Fajgenbaum also discusses how prolonged psychological stress alters immune behavior in people. He notes that individuals under sustained pressure often show elevated inflammatory markers and reduced resilience, especially when stress persists chronically. Huberman reinforces that consistent sleep and controlled stress help maintain immune stability, which in turn influences long-term health.

Together, their observations show that daily behaviors influence the same biological pathways targeted by many repurposed drugs.

Economic Barriers Limit Research on Generic Drugs With Longevity Potential

Even though many medications interact with aging pathways, only a small fraction receive significant research attention. Once a drug becomes generic, financial incentives for conducting large clinical trials disappear. Without funding, promising findings remain scattered and unused.

“There’s 4,000 FDA-approved drugs that are approved for about 4,000 diseases. But we know from laboratory work and also from clinical trials that many of those drugs can be used in more diseases. But unfortunately, the system really isn’t set up to find new uses for old medicines,” states Fajgenbaum.

Lidocaine illustrates this challenge. It is a standard anesthetic, yet in a major clinical trial, applying lidocaine around a tumor before breast cancer surgery reduced mortality in the years that followed. Despite this result, the discovery gained little visibility because the drug is inexpensive and off-patent.

The lack of financial support leaves many promising drug effects undocumented, limiting what researchers can learn about their potential role in healthier aging.

AI Tools Help Identify Overlooked Medicines That Support Healthspan

To address this gap, Fajgenbaum and his team at Every Cure are building a biomedical map that connects drugs to the molecular pathways they influence.
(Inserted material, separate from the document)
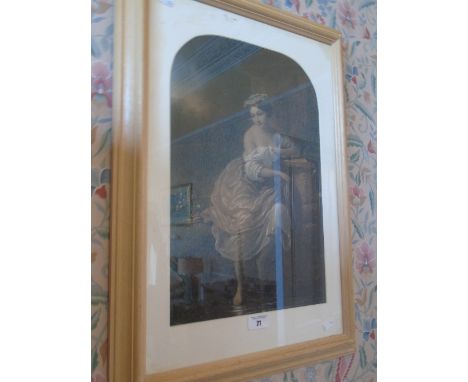 A Victorian Hand Tinted Coloured Print, Study of a Lady, framed and glazed. 43.5cm x 29.5cm.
The system integrates information from clinical trials, mechanistic studies, patient reports, and real-world medical data. Its goal is to identify overlooked matches between existing medicines and the biological processes they affect.

Huberman notes that combining this type of map with personal biomarkers could eventually help clinicians design individualized health strategies. Instead of relying solely on new drugs, physicians could evaluate how well-studied medications align with a person’s molecular profile.

By mapping these connections, researchers gain a clearer view of which existing medicines may offer real, immediate value for improving healthspan.

Targeted Interventions Show That Aging Biology Can Shift

Fajgenbaum’s medical history demonstrates how strongly the body can recover when the right pathway is targeted. After multiple life-threatening episodes of Castleman disease, he identified the immune signal driving the disorder and treated it directly. His recovery shows that biological decline is not fixed. Cellular systems respond quickly when the correct mechanisms are supported.

Aging follows a similar pattern. It reflects ongoing adjustments in inflammation, metabolism, immunity, and repair. When these processes stay within a healthy operating range, the body maintains stability and resilience for longer periods.

Huberman and Fajgenbaum’s conversation points toward a meaningful insight. Many useful longevity tools already exist, and understanding them more deeply may offer one of the most accessible paths to a longer healthspan.